If you cannot break the large project into smaller parts that are useful (i.e. enable some use cases) on their own, agile probably won't help you that much in this project. You can pick some techniques like pair programming, refactoring etc. but the overall planning has do be done in a conventional way.

ammoQ
A: 

It is unlikely that each layer needs to be complete for it to be usable by the other layers - for example the persistence layer could just serialize objects to a file initially, and converted to use a database when the need arises. I would look at implementing the minimum of each layer needed by the initial stories and fleshed out to add functionality as the the system grows.

Growing a system this way means you only implement the functionality you need, rather than all the functionality you think you may need at some indeterminate time in the future.

Dave Kirby
+2  A: 

Teams in my company face the same types of problems.

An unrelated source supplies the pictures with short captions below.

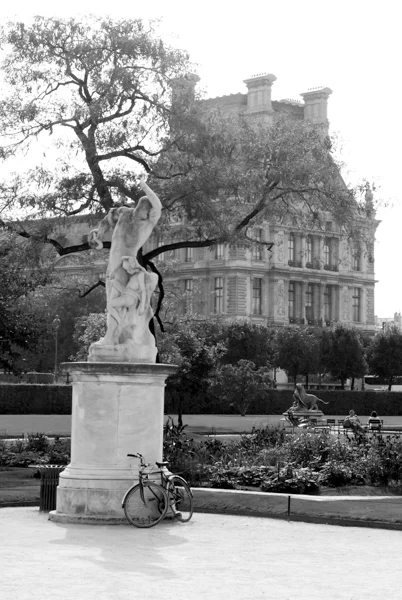 Paris. Louvre/Tuileries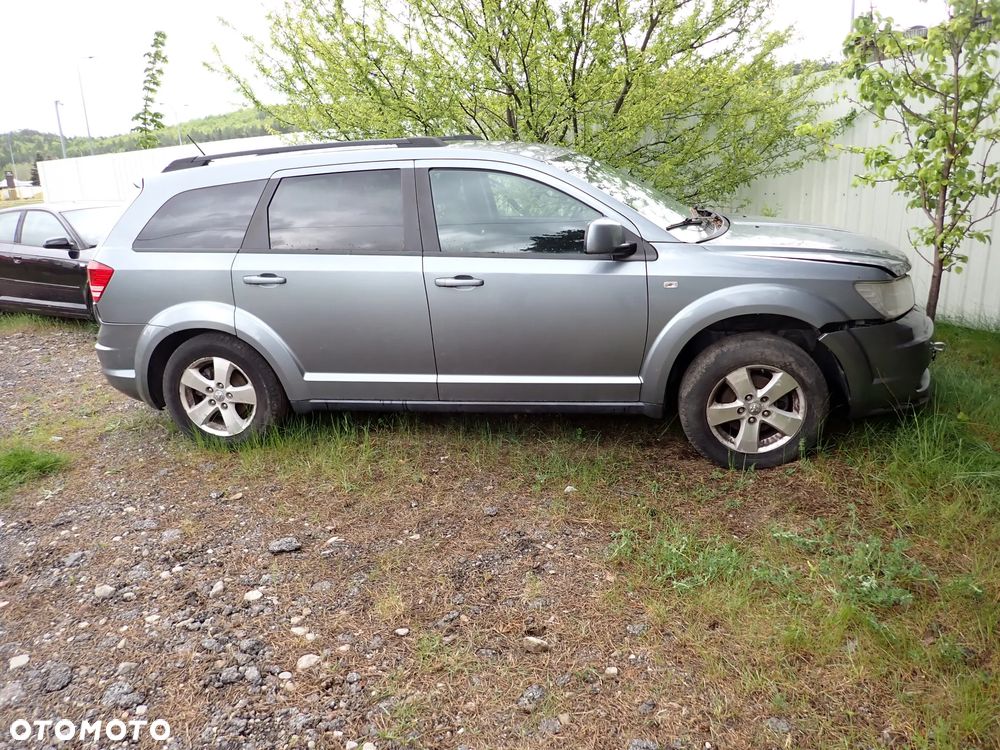 Dodge Journey 2.0 CRD 2010 -  Europa Automat Maska Przód Komplet - 10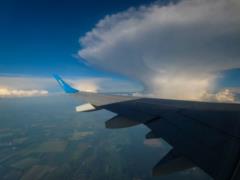 US advises airlines to be careful when flying over Ukraine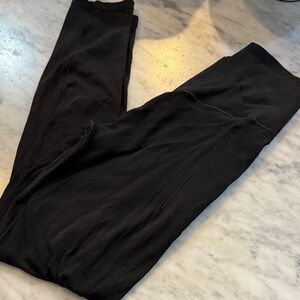 Aerie OFFLINE Black High-Rise 7/8 Leggings with V cut out at waist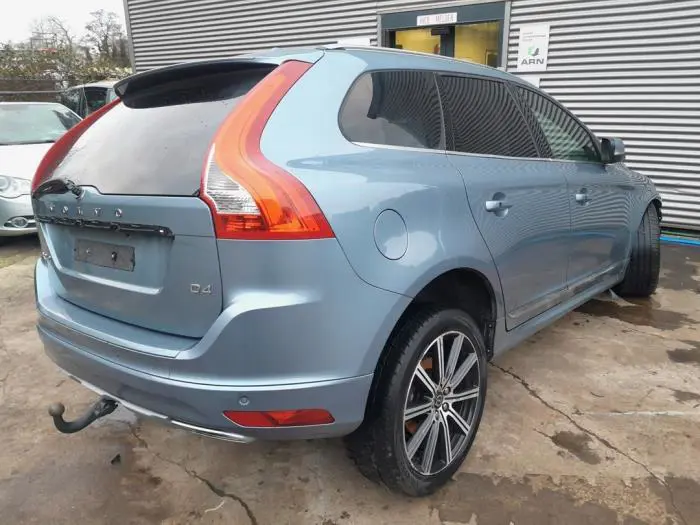 Feu arrière droit Volvo XC60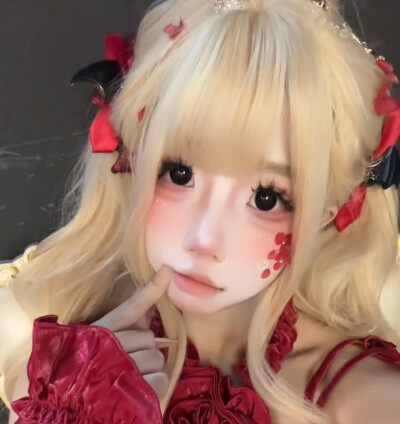 女生头像真人。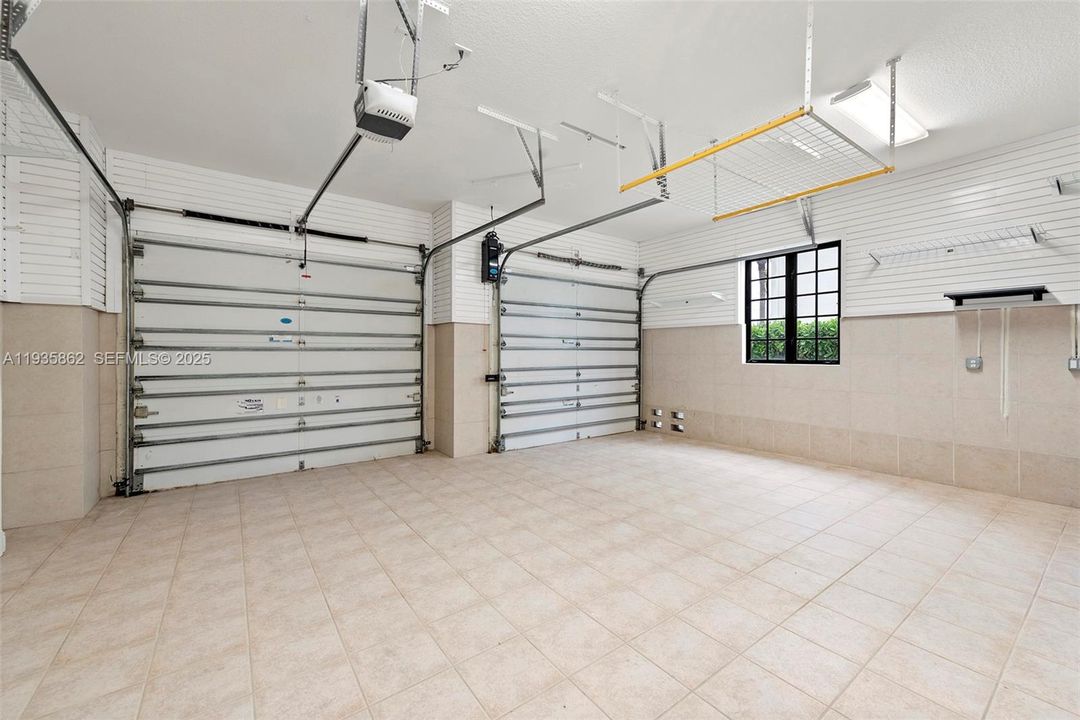 En Renta: $25,000 (7 camas, 7 baños, 6006 Pies cuadrados)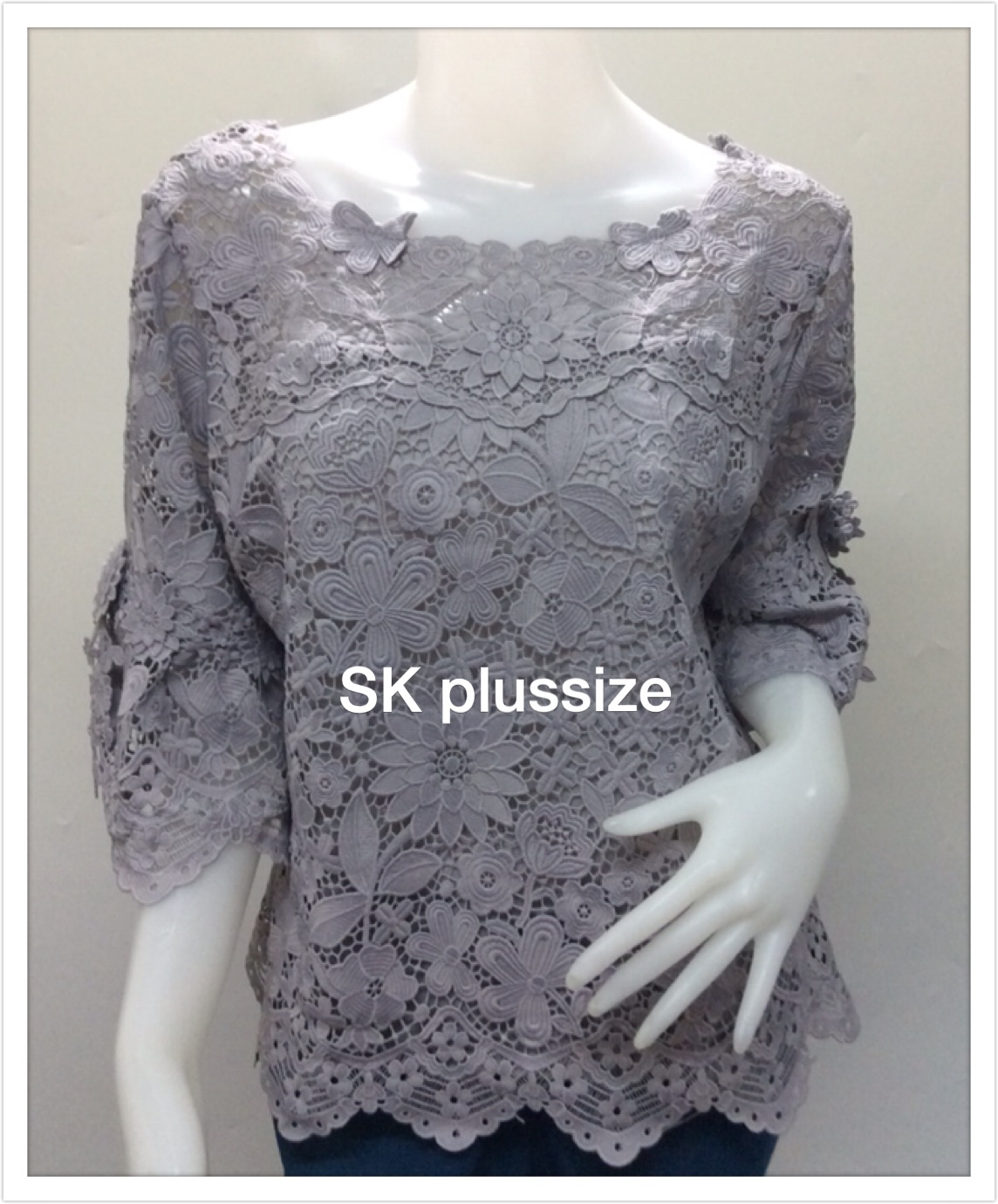 เสื้อลูกไม้ สีเทา คอปาด แขนต่อระบาย รอบอก 38 นิ้ว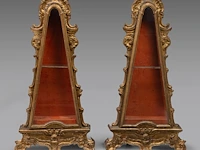 A fine pair of venetian rococo giltwood cone-shaped display cabinets, 18thc 125 x 60 cm. (49.21 x 23.62 in.)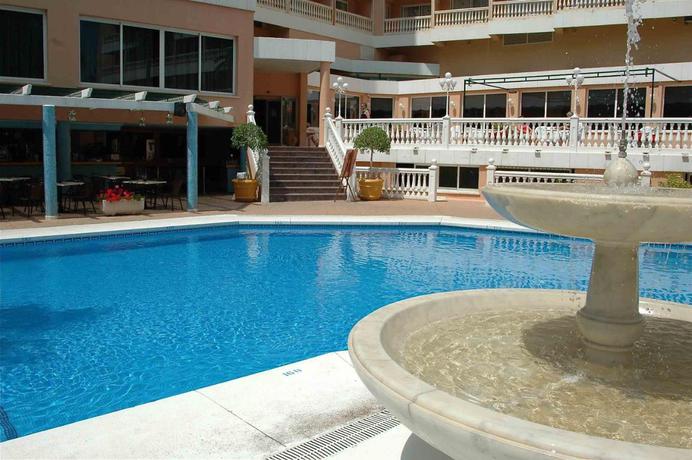 Imagen de la piscina del Hotel Parasol by Dorobe. Foto 6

We are building projects with a large number of moving parts and architectural layers that make it difficult to create a working product early on. Additionally, there are often specialty resources that need to be scheduled or slightly out of synch with the team. Some approaches we've taken are below It has been challenging, but these approaches seem to be helping.

Build as vertically as possible

  • In other words, strive to have something working, end to end as quickly as possible. We typically get there a few sprints in on a 9-16 month project.
  • You'll often find a significant number of layers can be mocked or held back.
  • Often, the initial customer facing components are place holders. We create a limited bit of functionality that is something like what the customer wants, but is likely to be very different in the final project. This allows us to prove the rest of the product at a system level and provide visibility from a system perspective.

Separate base architecture from the product

Our early sprints are often centered around infrastructure/architecture. For example, threading subsystems, performance monitoring, communications and test frameworks.

  • Treat the subsystems as separate deliverables
  • Fully define each subsystem
  • Complete (truly complete, not just a partial implementation) each subsystem
  • Load test each subsystem within the context of how it will be used in the final product
Jim Rush
excellent commentary, thanks for your insight.